Secondo, il problema dello scisma: nella Chiesa ci sono stati tanti scismi. Dopo il Vaticano I, l’ultima votazione, quella dell’infallibilità, un bel gruppo se n’è andato, si è staccato dalla Chiesa e ha fondato i Vetero-cattolici per essere proprio “onesti” con la tradizione della Chiesa. Poi loro stessi hanno trovato uno sviluppo differente e adesso fanno le ordinazioni delle donne; ma in quel momento erano rigidi, andavano dietro a una certa ortodossia e pensavano che il Concilio avesse sbagliato. Un altro gruppo se ne andò senza votare, zitti zitti, ma non vollero votare… Il Vaticano II ha creato queste cose, forse il distacco più conosciuto è quello di Lefebvre. Sempre c’è l’opzione scismatica nella Chiesa, sempre. È una delle opzioni che il Signore lascia sempre alla libertà umana. Io non ho paura degli scismi, prego perché non ce ne siano, perché c’è in gioco la salute spirituale di tanta gente. Che ci sia il dialogo, che ci sia la correzione se c’è qualche sbaglio, ma il cammino dello scisma non è cristiano. Pensiamo all’inizio della Chiesa, come è cominciato con tanti scismi, uno dietro l’altro, basta leggere la storia della Chiesa: ariani, gnostici, monofisiti...
Poi, mi viene da raccontare un aneddoto che ho detto qualche volta. È stato il popolo di Dio a salvare dagli scismi. Gli scismatici hanno sempre una cosa in comune: si staccano dal popolo, dalla fede del popolo di Dio. E quando nel Concilio di Efeso c’era la discussione sulla maternità divina di Maria, il popolo – questo è storico – stava all’ingresso della cattedrale quando i vescovi entravano per fare il concilio, stavano lì con dei bastoni, facevano vedere i bastoni e gridavano: “Madre di Dio! Madre di Dio!”, come a dire: se non fate questo vi aspettano… Il popolo di Dio aggiusta sempre le cose e aiuta. Uno scisma è sempre un distacco elitario provocato dall’ideologia staccata dalla dottrina. È un’ideologia, forse giusta, ma che entra nella dottrina e la stacca e diventa “dottrina” per un certo tempo. Per questo io prego che non ci siano degli scismi, ma non ho paura.

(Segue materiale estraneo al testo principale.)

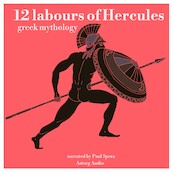 12 Labours of Hercules, a Greek Myth - James Gardner (ISBN 9782821112834)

[Il giornalista riprende la domanda]
Cosa fare per aiutare?… Questo che sto dicendo adesso: non avere paura…; io rispondo alle critiche, tutto questo lo faccio. Forse se a qualcuno verrà in mente qualcosa che devo fare lo farò, per aiutare… Ma questo è uno dei risultati del Vaticano II, non di questo Papa o dell’altro Papa... Per esempio, le cose sociali che dico, sono le stesse che ha detto Giovanni Paolo II, le stesse. Io copio lui. Ma dicono: “Il Papa è troppo comunista…”. Entrano delle ideologie nella dottrina, e quando la dottrina scivola nelle ideologie, lì c’è la possibilità di uno scisma. E c’è anche l’ideologia behaviorista, cioè il primato di una morale asettica sulla morale del popolo di Dio. I pastori devono condurre il gregge tra la grazia e il peccato, perché la morale evangelica è questa. Invece una morale di un’ideologia pelagiana, per così dire, ti porta alla rigidità, e oggi abbiamo tante scuole di rigidità dentro la Chiesa, che non sono scismi ma sono vie cristiane pseudoscismatiche, che finiranno male. Quando voi vedete dei cristiani, dei vescovi, dei sacerdoti rigidi, dietro quell’atteggiamento ci sono dei problemi, non c’è la santità del Vangelo. Per questo dobbiamo essere miti con le persone che sono tentate di fare questi attacchi, stanno attraversando un problema, dobbiamo accompagnarli con mitezza. Grazie.
MATTEO BRUNI
L’ultima domanda è di Aura Miguel di Radio Renascença.
PAPA FRANCESCO:
Come ho parlato il portoghese?
AURA VISTAS MIGUEL (Radio Renascença, Portogallo)
Benissimo, tutti hanno capito, si capiva molto bene. Santità, io torno sul Mozambico solo per chiedere questo. Noi sappiamo che a Lei non piace visitare Paesi durante la campagna elettorale, eppure lo ha fatto in Mozambico, a un mese dalle elezioni, essendo giustamente il Presidente che L’ha invitata uno dei candidati. Come mai?
PAPA FRANCESCO:
Sì. Non è stato uno sbaglio. È stata una scelta presa liberamente, perché la campagna elettorale incominciava in questi giorni, e passava in secondo piano davanti al processo di pace. L’importante era visitare per aiutare a consolidare il processo di pace. E questo era più importante di una campagna che ancora non era incominciata, incominciava nei giorni successivi alla fine della mia visita. E lì al limite, facendo il bilancio tra le due cose, [abbiamo valutato]: sì, è importante consolidare. E poi ho potuto salutare gli avversari politici, questo per dare l’idea e sottolineare che l’importante era questo, e non “fare il tifo” per questo Presidente che io non conosco, non so come pensa, e neppure come pensano gli altri. Per me era più importante sottolineare l’unità del Paese. Ma quello che dice Lei è vero: dobbiamo rimanere distanti dalle campagne elettorali, questo sì è vero. Grazie.
Grazie tante a voi per il vostro lavoro! Vi sono riconoscente per tutto quello che fate. E pregate per me; io lo faccio per voi. Buon pranzo!